And besides I wasn't even impolite...though I'm close now.


----------



## KitanaVorr (Feb 20, 2003)

ok

Kit's final ruling

1. The Bugbear is NOT disarmed as per Rom's choice.

2.  I did roll separately for Mario's attempt at disarming but he didn't make it so I choose the best of the two (rom had made the str check).  Mario, you posted an assist and an attempt at disarming (remember you said something about med weapon?) so I rolled for you as if you were attempting to disarm simultaneously as Rom and gave him the +2 AID.

3. Okay, everybody fix up their posts and I'll check up on the changes tommorrow.

4. Jane remember that if you move beyond an 5 foot drop, you will provoke an AoO.

LOL...geez...work gets busy, Kit, barely has time to look at the boards and whoooaaaa ;p

and P.S....if I was REALLY a TDM...I would have Jane get her menses right about now....


----------



## Sixchan (Feb 21, 2003)

Okay, I've been wondering this too...what the hell does the T in TDM stand for?


----------



## KitanaVorr (Feb 21, 2003)

Sixchan said:
			
		

> *Okay, I've been wondering this too...what the hell does the T in TDM stand for? *




Tyrannical DM (that would be my calling card so to speak)


----------



## Sixchan (Feb 21, 2003)

Ah.  Yeah, you're a TDM, but no-one said that was bad, right?

I was _this_ close to getting the wand.  _This...****ing...close..._  I think I'm gonna cry.


----------



## KitanaVorr (Feb 21, 2003)

Also to let people know

real-life is catching up fast, so for the next week or so I won't be able to post as often as I normally do unless i can get a few things done first

I'll try to post at least once a day on every thread and definitely at least once a day on the threads I DM.


And of course I'm proud of being the TDM!


----------



## Lichtenhart (Feb 21, 2003)

KitanaVorr said:
			
		

> *2.  I did roll separately for Mario's attempt at disarming but he didn't make it so I choose the best of the two (rom had made the str check).  Mario, you posted an assist and an attempt at disarming (remember you said something about med weapon?) so I rolled for you as if you were attempting to disarm simultaneously as Rom and gave him the +2 AID.*




Kit, Aid Another action should have given Rom a +2 to attack if I did hit AC 10, not if I succeded in a disarm attempt.
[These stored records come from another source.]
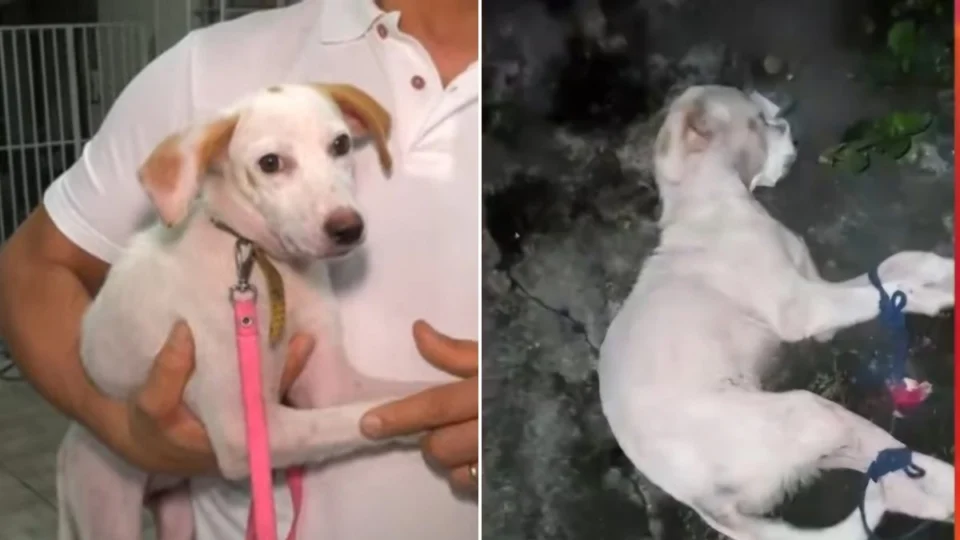 Cadelinha abandonada é resgatada com patas e focinho amarrado em Manaus; veja vídeo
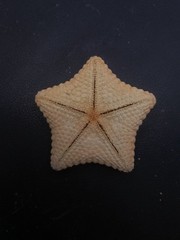 Culcita novaeguineae pillow star fish. 57mm starfish sea shell #17241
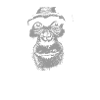 Ghana - Chimpanzees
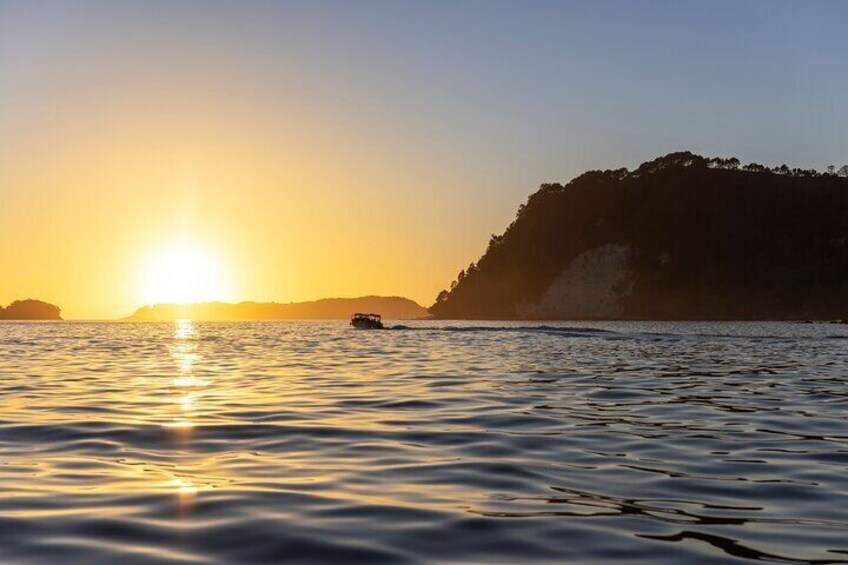 Coromandel Cathedral Cove and Hot Water Beach Day Tour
It is not a disarm attempt, and therefore, it doesn't provoke an AoO. Think about the snowballs: I can use them to distract the bugbear from hitting Jane, and I can use them to distract the bugbear from Rom's attack. Now, if you think it should have beaten me anyway, you're the TDM and you can do it, but that's not by the rules.


----------



## KitanaVorr (Feb 22, 2003)

Jemal

As per Jane's movement,

If you move no actual distance in a round, you can take one 5 foot step before or after your action when you've done no other movements.  So you can't do the tumbling, etc...

This means to not provoke on AoO, you cannot move more than 5 feet away total for that entire round.
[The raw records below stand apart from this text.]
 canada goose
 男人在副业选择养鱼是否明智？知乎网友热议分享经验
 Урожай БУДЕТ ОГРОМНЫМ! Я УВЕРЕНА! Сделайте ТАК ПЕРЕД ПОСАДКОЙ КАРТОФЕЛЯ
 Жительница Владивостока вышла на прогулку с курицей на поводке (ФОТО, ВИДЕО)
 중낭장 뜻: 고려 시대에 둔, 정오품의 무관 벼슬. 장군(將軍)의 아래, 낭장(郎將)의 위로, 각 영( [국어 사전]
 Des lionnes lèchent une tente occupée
Page 134 D20Modern under Move Action

EDIT:

If you spend the whole round retreating in a straight line, you don't provoke an attack of opportunity...you have to withdraw and you can move twice your speed...but all you can do is move, no other action.

TDM


----------



## KitanaVorr (Feb 22, 2003)

Lichtenhart said:
			
		

> *
> 
> Kit, Aid Another action should have given Rom a +2 to attack if I did hit AC 10, not if I succeded in a disarm attempt. It is not a disarm attempt, and therefore, it doesn't provoke an AoO. Think about the snowballs: I can use them to distract the bugbear from hitting Jane, and I can use them to distract the bugbear from Rom's attack. Now, if you think it should have beaten me anyway, you're the TDM and you can do it, but that's not by the rules. *




*sigh*

Okay I will give you that one.  Take away the damage points you got from the AoO.

Don't forget about Pikachu though


----------



## Sixchan (Feb 23, 2003)

A big flash would be really cool about now.  We could really impress/confuse/whatever this Raistlan (however you spell it) guy.  It's 2 levels this time, right?


----------



## Janos Audron (Feb 23, 2003)

he might feel threatened and throw, say, a Horrid Wilting...


----------



## Festy_Dog (Mar 4, 2003)

The character thread in the rogues gallery has disappeared me thinks. Do we start a new one or post our updated characters here?


----------



## KitanaVorr (Mar 4, 2003)

here's the link

rogue gallery thread


----------



## Festy_Dog (Mar 4, 2003)

thx


----------



## Sixchan (Mar 4, 2003)

Hmm..._Six, Infiltrator Extraordinaire_...or..._Agent 006, Master Infiltrator, Secret Agent, Licence To Kill_...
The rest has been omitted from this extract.